What is the loss function used in Trainer from the Transformers library of Hugging Face?

I am trying to fine tine a BERT model using the Trainer class from the Transformers library of Hugging Face.

In their documentation, they mention that one can specify a customized loss function by overriding the compute_loss method in the class. However, if I do not do the method override and use the Trainer to fine tine a BERT model directly for sentiment classification, what is the default loss function being use? Is it the categorical crossentropy? Thanks!

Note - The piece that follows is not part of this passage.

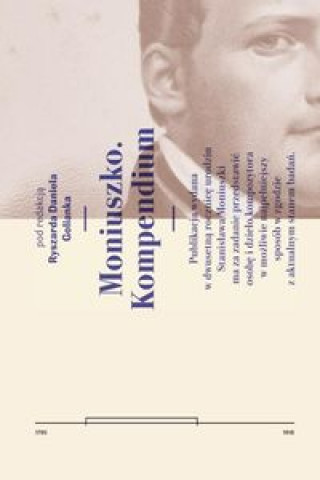 Knjiga Moniuszko Kompendium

CodePudding user response：

It depends! Especially given your relatively vague setup description, it is not clear what loss will be used. But to start from the beginning, let's first check how the default compute_loss() function in the Trainer class looks like.

You can find the corresponding function here, if you want to have a look for yourself (current version at time of writing is 4.17). The actual loss that will be returned with default parameters is taken from the model's output values:

loss = outputs["loss"] if isinstance(outputs, dict) else outputs[0]

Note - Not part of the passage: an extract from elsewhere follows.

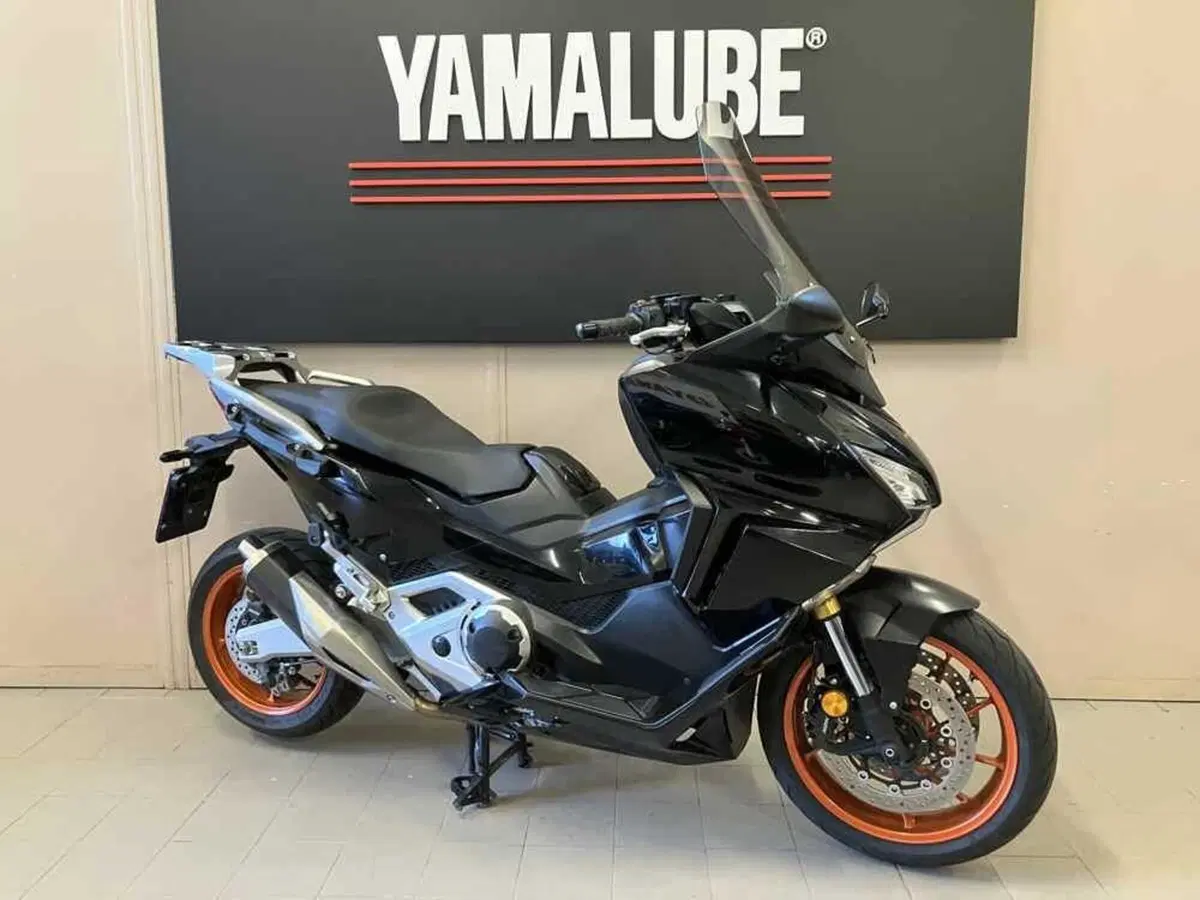 Honda Forza 750 DCT Travel (2021 - 24)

which means that the model itself is (by default) responsible for computing some sort of loss and returning it in outputs.

Following this, we can then look into the actual model definitions for BERT (source: here, and in particular check out the model that will be used in your Sentiment Analysis task (I assume a BertForSequenceClassification model.

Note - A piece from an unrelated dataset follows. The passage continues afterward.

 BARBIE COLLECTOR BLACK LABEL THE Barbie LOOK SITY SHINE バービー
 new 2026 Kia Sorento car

The code relevant for defining a loss function looks like this:

if labels is not None:
    if self.config.problem_type is None:
        if self.num_labels == 1:
            self.config.problem_type = "regression"
        elif self.num_labels > 1 and (labels.dtype == torch.long or labels.dtype == torch.int):
            self.config.problem_type = "single_label_classification"
        else:
            self.config.problem_type = "multi_label_classification"

    if self.config.problem_type == "regression":
        loss_fct = MSELoss()
        if self.num_labels == 1:
            loss = loss_fct(logits.squeeze(), labels.squeeze())
        else:
            loss = loss_fct(logits, labels)
    elif self.config.problem_type == "single_label_classification":
        loss_fct = CrossEntropyLoss()
        loss = loss_fct(logits.view(-1, self.num_labels), labels.view(-1))
    elif self.config.problem_type == "multi_label_classification":
        loss_fct = BCEWithLogitsLoss()
        loss = loss_fct(logits, labels)

Based on this information, you should be able to either set the correct loss function yourself (by changing model.config.problem_type accordingly), or otherwise at least be able to determine whichever loss will be chosen, based on the hyperparameters of your task (number of labels, label scores, etc.)